Exercise prompt –
Every line of the material must be written out again unchanged.

Input data –
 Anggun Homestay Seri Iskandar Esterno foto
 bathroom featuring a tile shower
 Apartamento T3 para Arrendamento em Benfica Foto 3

Your solution –
 Anggun Homestay Seri Iskandar Esterno foto
 bathroom featuring a tile shower
 Apartamento T3 para Arrendamento em Benfica Foto 3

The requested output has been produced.